Consider action (amber section) - When a differentiator contributes to you losing sales.
Ignore (green section) - When a differentiator barely contributes to you losing sales.
How to act
Copy differentiators - Where the cost of replicating is low, look to replicate the differentiator. This is a low-risk strategy, as you know it works for your competitor.
New advantage:
Create a new differentiator:
Create one that is working well for a different competitor. This is a medium-risk strategy, as you know it works for some customers.
Create a new differentiator in the market. This is a high-risk strategy as it is unproven. However, it may impact all your competitors. You can lower the risk if the differentiator is low cost. Be aware that if it is easy to copy, it may not last long. Consider your trend analysis inputs for this work (trend analysis tab on this page).
Improve your differentiators - Use the customer views canvas section to identify the main reasons you win and increase the value of this differentiator. This is a medium-risk strategy as the competitor’s differentiator may still override this.
Reduce price - This is a high-risk strategy. It will make you better value but will affect your profitability. The competitor may respond, lowering the overall market profitability, and you may lose all benefits.
Improve usage allowance (subscriptions) - This is a high-risk strategy. It will make you better value but will affect your profitability. The competitor may respond, lowering the overall market profitability, and you may lose all benefits.
Improve marketing and sales messaging - This is a low-risk strategy. If you believe the competitor doesn’t have a big advantage or you aren’t pushing your own hard enough, focus on these.
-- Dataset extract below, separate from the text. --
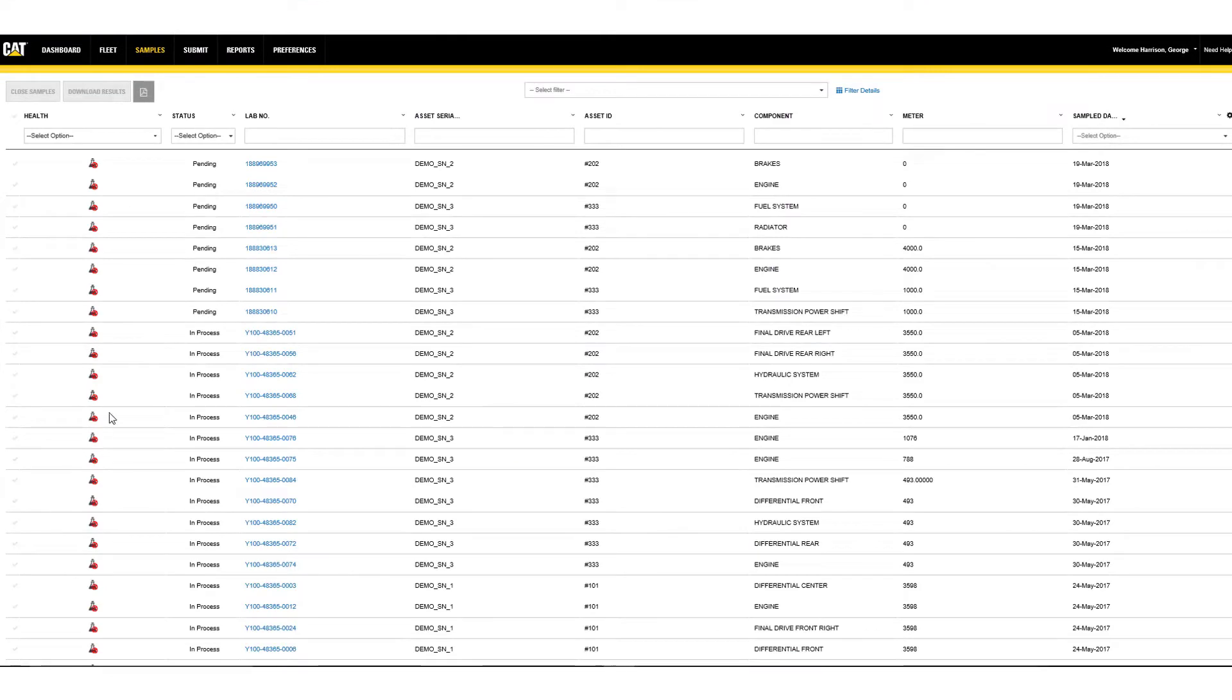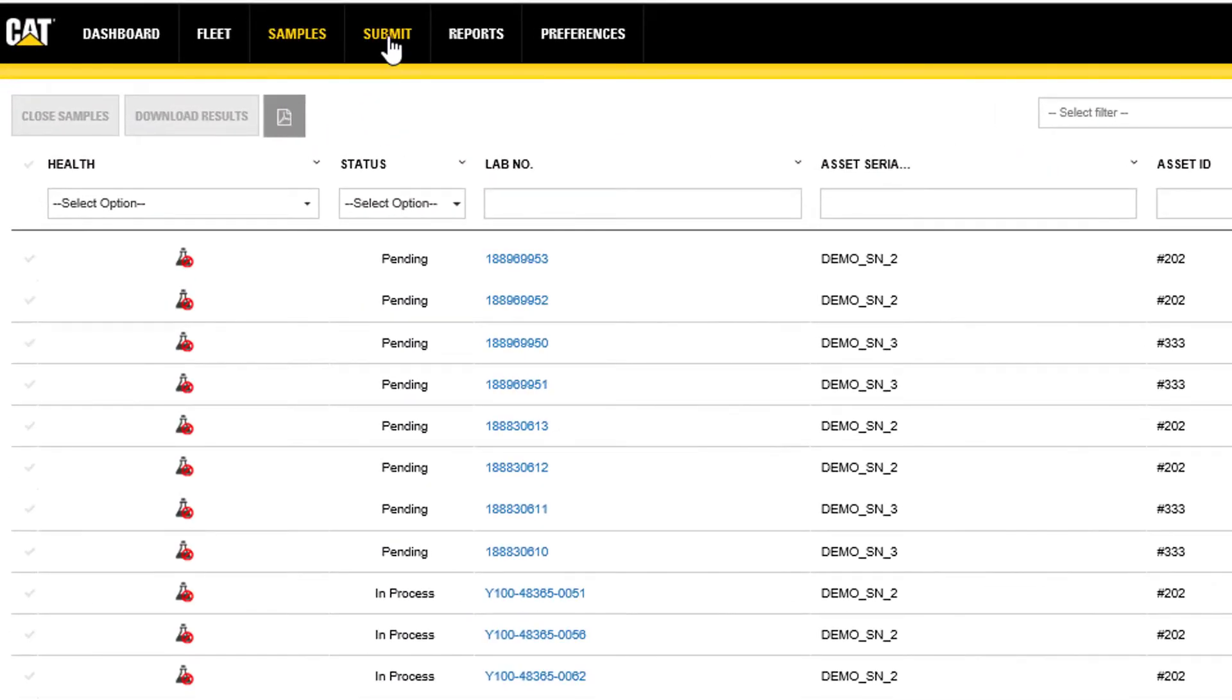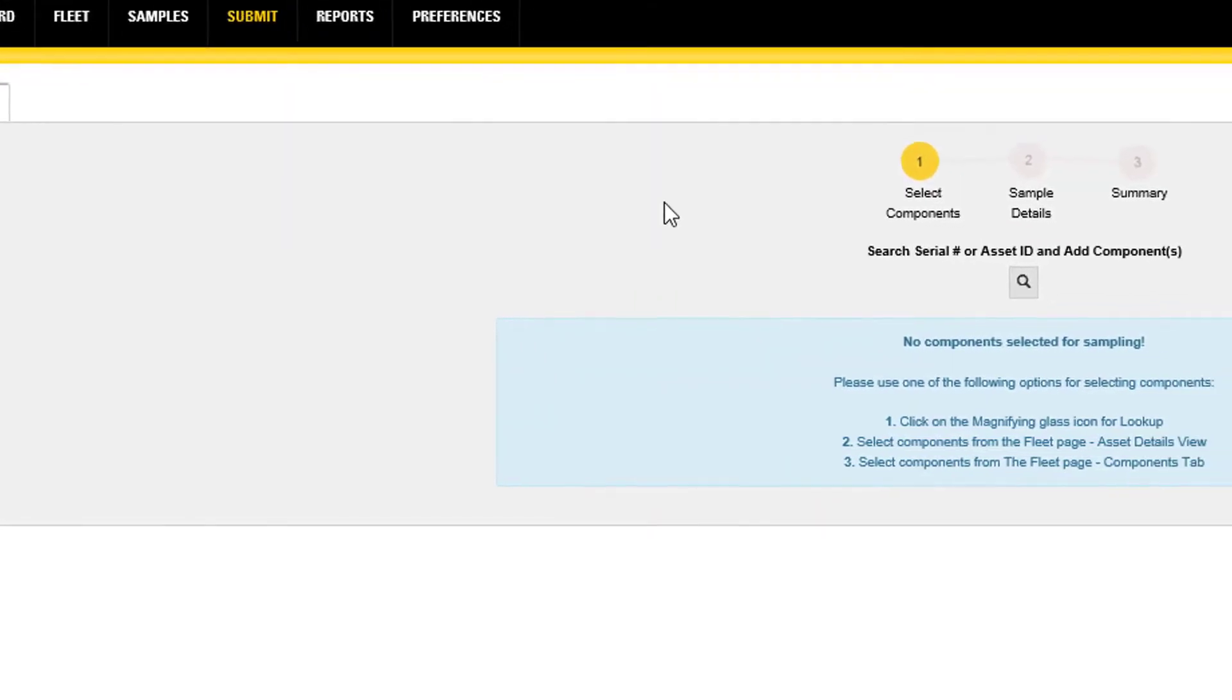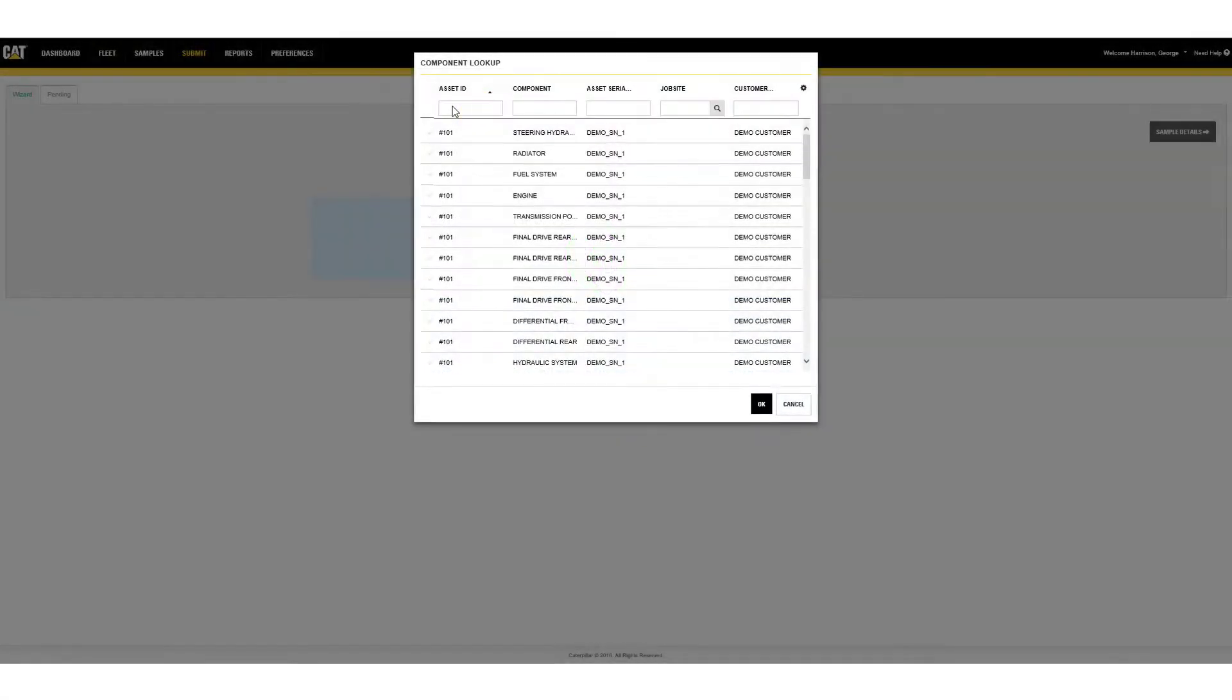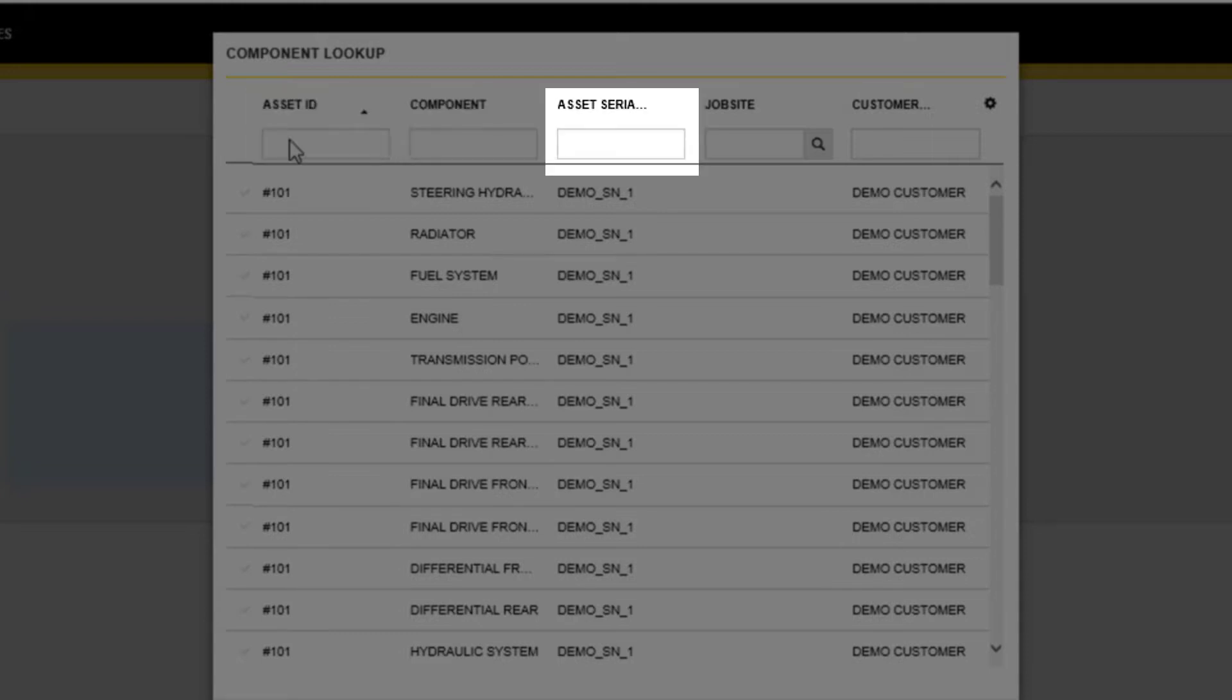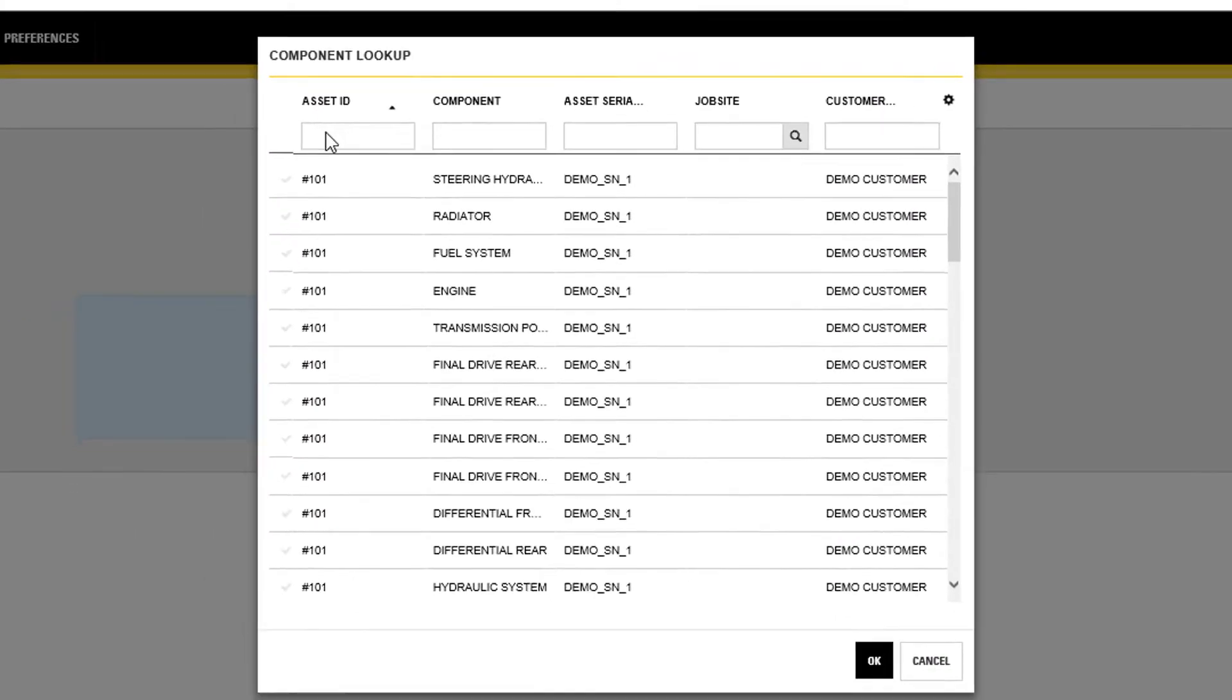Once in the SOS Application, click on Submit to access the label wizard. Create the list of samples to register by clicking on the magnifying glass search icon. You can search by asset ID, component, asset serial number, job site, or customer name to obtain the needed components.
You are now ready to create Strategy Items for inputting into prioritisation. Below is an example of copying a differentiator:
UX Vision
Before creating a UX vision, you should have some strategic items generated. The UX vision shows potential high-level system flows. It allows us to provide a good product experience by considering the customer experience as a whole. For example, you may change how customers navigate and interact with your product and would like to visualise this journey. It needs sufficient functional depth for people to understand the strategic options. You are very unlikely to build everything that the vision has within it.
This output is used when prioritising your Strategic Items. It will allow the leadership team to synchronise around what their options really mean, and is a great starting point for discussion.
The UX concept output in the Minimum Valuable Increment stage is a more detailed visual output created to guide development. The UX vision can guide the UX concept as a starting point.
Process
This process will help you prioritise and create your strategy. It consists of the following steps:
STAGE 1 - Research
In this stage, you will:
Evaluate strategic direction - This is to understand where to focus research.
Conduct research - To create Strategy Items ready for prioritisation.
Evaluate strategic direction
To determine your strategic direction:
Read the Strategic Direction Guidance to help you understand your options.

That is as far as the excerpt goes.